--- Directions ---
An exact repetition of every entry, with no images, is the required answer.

(Captioned web images)
◆ ◆ ◆ ◆

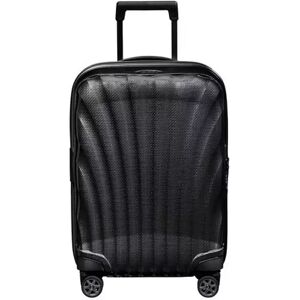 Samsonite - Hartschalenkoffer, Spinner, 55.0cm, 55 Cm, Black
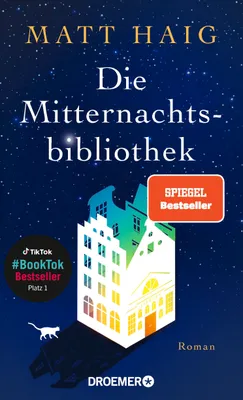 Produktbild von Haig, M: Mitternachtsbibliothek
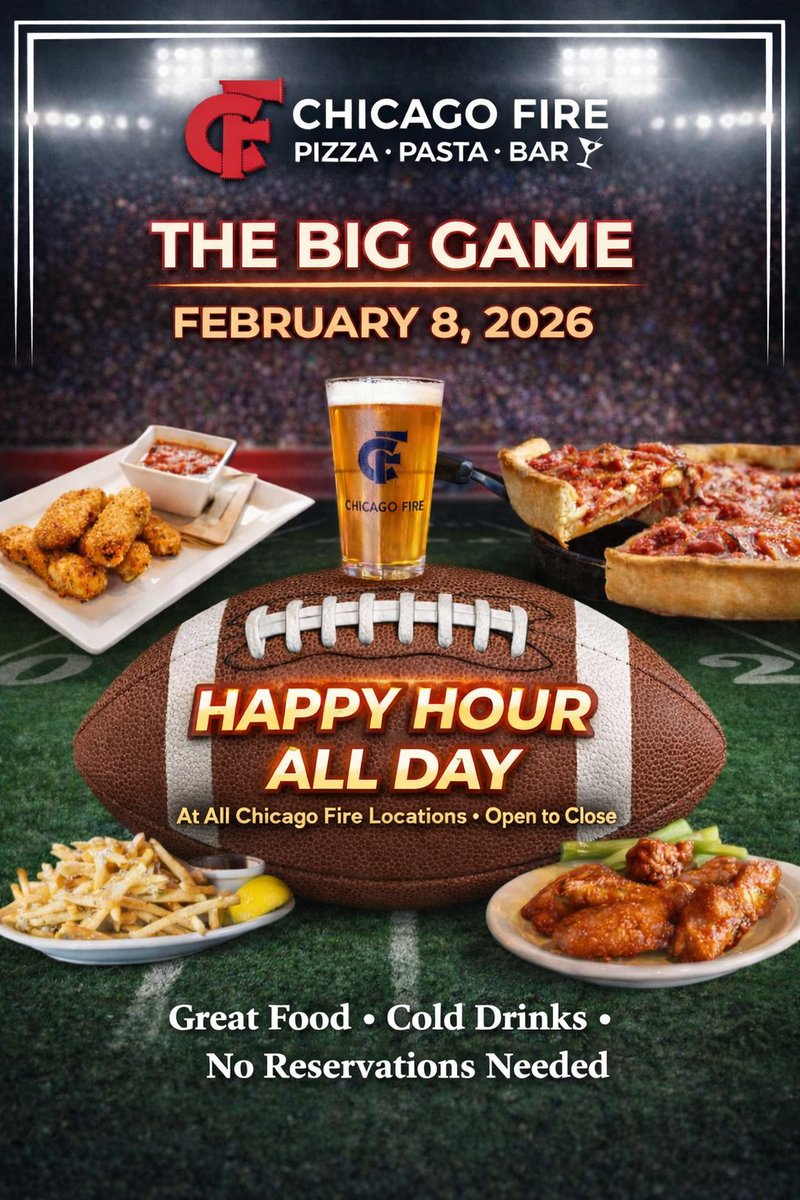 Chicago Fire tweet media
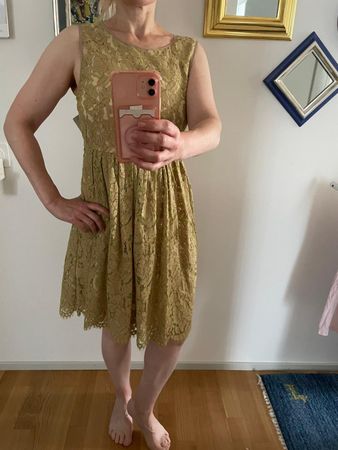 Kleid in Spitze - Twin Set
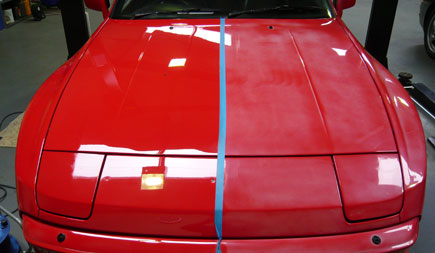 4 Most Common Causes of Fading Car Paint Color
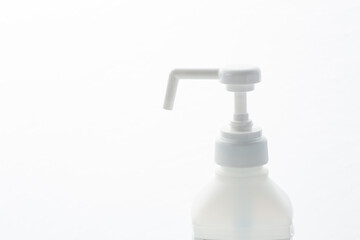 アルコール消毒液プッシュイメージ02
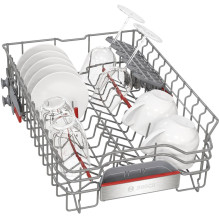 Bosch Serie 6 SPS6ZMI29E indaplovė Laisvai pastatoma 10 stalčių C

◆ ◆ ◆ ◆

--- Result of this task ---
 Samsonite - Hartschalenkoffer, Spinner, 55.0cm, 55 Cm, Black
 Produktbild von Haig, M: Mitternachtsbibliothek
 Chicago Fire tweet media
 Kleid in Spitze - Twin Set
 4 Most Common Causes of Fading Car Paint Color
 アルコール消毒液プッシュイメージ02
 Bosch Serie 6 SPS6ZMI29E indaplovė Laisvai pastatoma 10 stalčių C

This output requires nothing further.